- [Brief]: Without the images, write out the entries word for word.
___ Exercise data
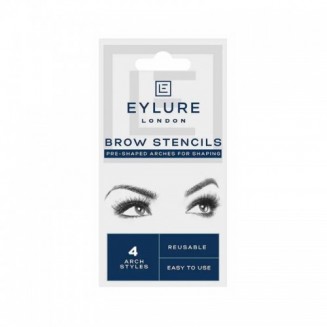 Eylure Brow Stencils 4...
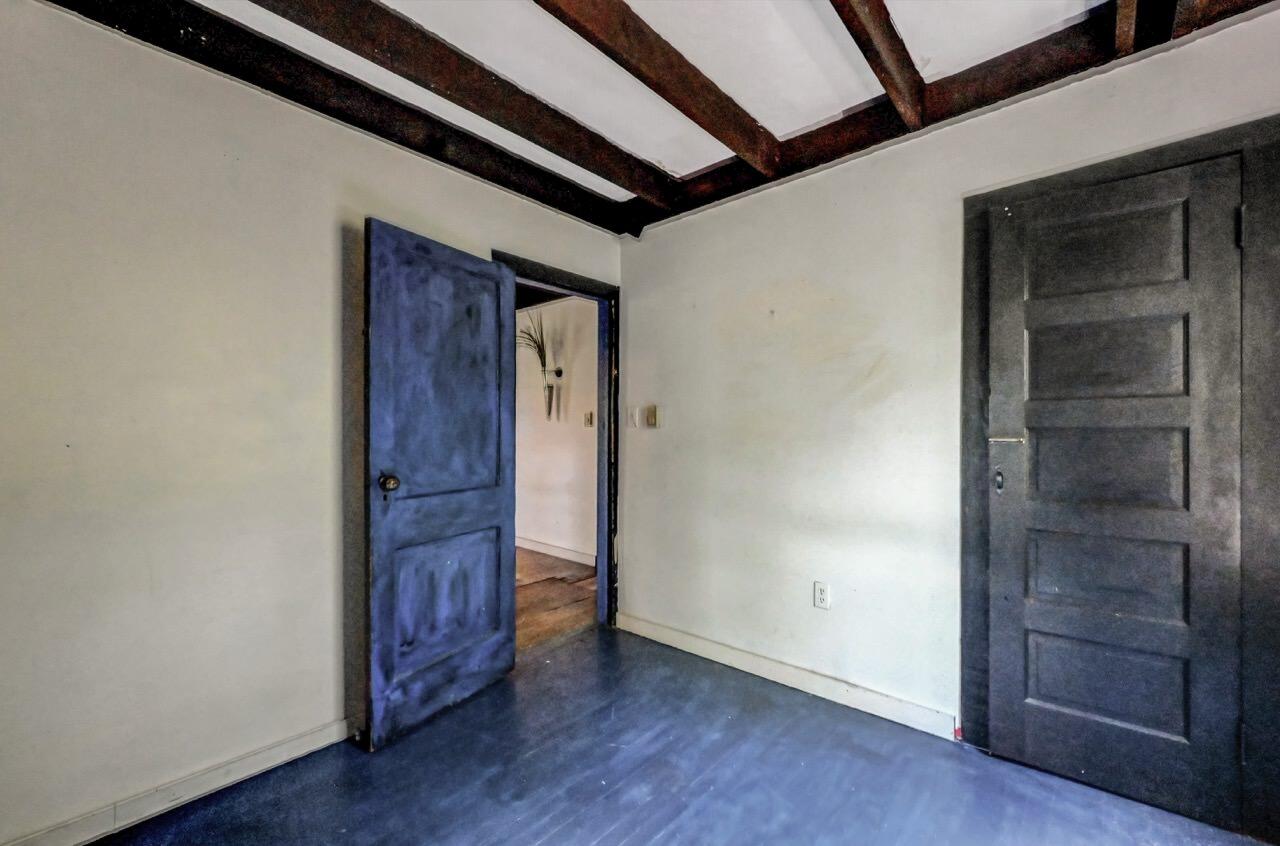 2285 Bear Town Road Canadensis, PA 18325 - Photo 31 of 58 a view of an entryway door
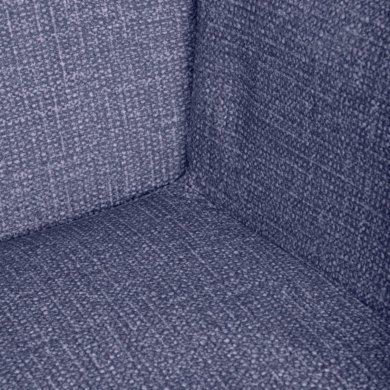 Кресло мягкое Homla MOSS POP Синий 223758 фото - 6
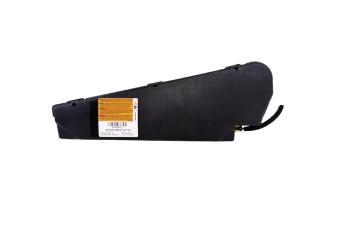 Airbag lateral derecho, Volvo XC60 Kinetic AWD 2009, 31271168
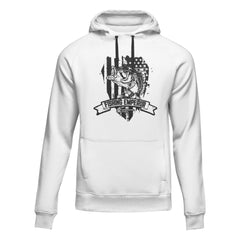 Outdoorzees Men's Fishing Emperor v3 Hoodie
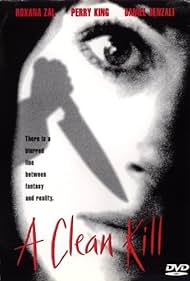 A Clean Kill Soundtrack (1999) cover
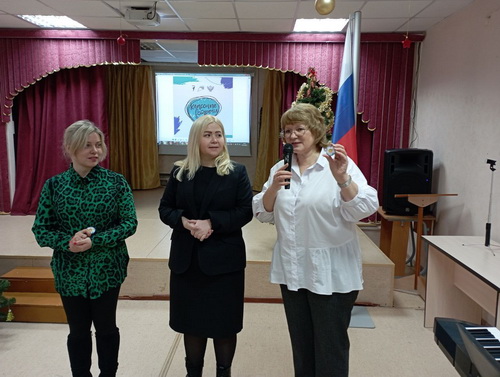 ОРВИ, грипп.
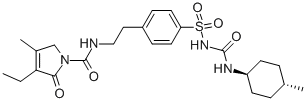 Glimepiride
______
- [The answer]:
 Eylure Brow Stencils 4...
 2285 Bear Town Road Canadensis, PA 18325 - Photo 31 of 58 a view of an entryway door
 Кресло мягкое Homla MOSS POP Синий 223758 фото - 6
 Airbag lateral derecho, Volvo XC60 Kinetic AWD 2009, 31271168
 Outdoorzees Men's Fishing Emperor v3 Hoodie
 A Clean Kill Soundtrack (1999) cover
 ОРВИ, грипп.
 Glimepiride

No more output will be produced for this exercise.